CED17I048 SJ HARINI <ced17i048@xxxxxxxxxxxx> · Sat, 31 Jul 2021 15:09:36 +0530

Hi,
I came across the FIO tool recently, and wish to contribute to this
open source project. But before that I want to better understand how
the tool works, and the underlying logic it uses for various job
parameters and options. I am a university student and would love to
take up this project and contribute.
I was wondering that building a debug version of the project would
help me understand different sections of the code. I have never worked
on a big project in open source, and would be grateful for guidance
from the community. I am a beginner and I apologize if my questions
are unclear or sound trivial and silly. I am really passionate about
learning more about how the tool works, the logic it uses and
contributing. I hope this is the right place to send emails containing
doubts regarding fio.

What have I done so far to understand the tool and the source code better:
1) Tried running  fio (installed using : sudo apt-get install fio)
from command line (ubuntu) with --debug=all.
    A lot of log information was printed in the terminal.
2) Cloned the source code from github fio repository. Installed
sourcetrail and indexed all the files in fio-master. But there were
many errors while indexing the files, so the visualization was
somewhat incomplete. In case anyone has tried using sourcetrail, would
love to know your experience.
3) Tried running many test jobs using fio.
4) Read up various resources available online about using fio and
understanding its output.

Some doubts:
1) To understand the underlying logic about how the tool works, what
concepts should I learn about prior? - From my reading about the fio
tool, I came across AIO engine, nvme and learned that the hard
disk/storage device also contains a hardware cache. So sometimes when
we want to stress the hard disk/spin disk, we are actually stressing
the cache. How do I disable the hardware cache using the fio tool ?
Will --validate or --direct parameters take care of this ?
2) I also came across some tools like IOStat, IO Meter, for storage
device performance. How is FIO superior to these tools?
3) When I run fio for random read and set the file option : example :
--size = 20M, a file is created, which is not readable (i'm guessing
it is a binary file). What does this file contain?
And why is a file getting created even if rw is set to read? How to
read this test file created by fio? My understanding is that FIO reads
and writes random data using a random number generator, so shouldn't
the data be readable.
4) Is there any design diagram or documentation to understand the
logic of how fio works?
5) How do I create a debug version of fio source code ? I was hoping
that using breakpoints and debugging may help me identify the flow of
the code.
6) How to find the optimal io depth?
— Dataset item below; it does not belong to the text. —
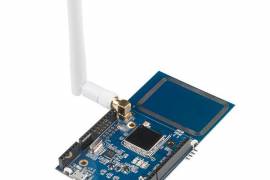 Realtek Ameba Board - IoT Development Board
Is queue depth same as fio iodepth?
7) For zonemode = strided, does zonesize represent the stride length?
My understanding of stride length is the gap between each read/write.
8) I wanted to check if whatever data was written is correct or not,
so I ran the basic-verify.fio job file. But I didn't get any output
saying the data written was also read, and that there were no errors.
How do I know if there were errors ?

If you could recommend any useful resources to better my
understanding, that would be highly appreciated.
Even though I do not have a clear understanding of how the tool works,
I am eager to learn as much as possible and hope to gain an enriching
learning experience.
I hope to gain a good understanding of the tool and want to create a
documentation with flowchart of how fio works as my first contribution
(so it's easier for complete beginners like me to understand better)
Thank you for taking the time and reading this mail, awaiting your response.

Thanks and regards
Harini
CS student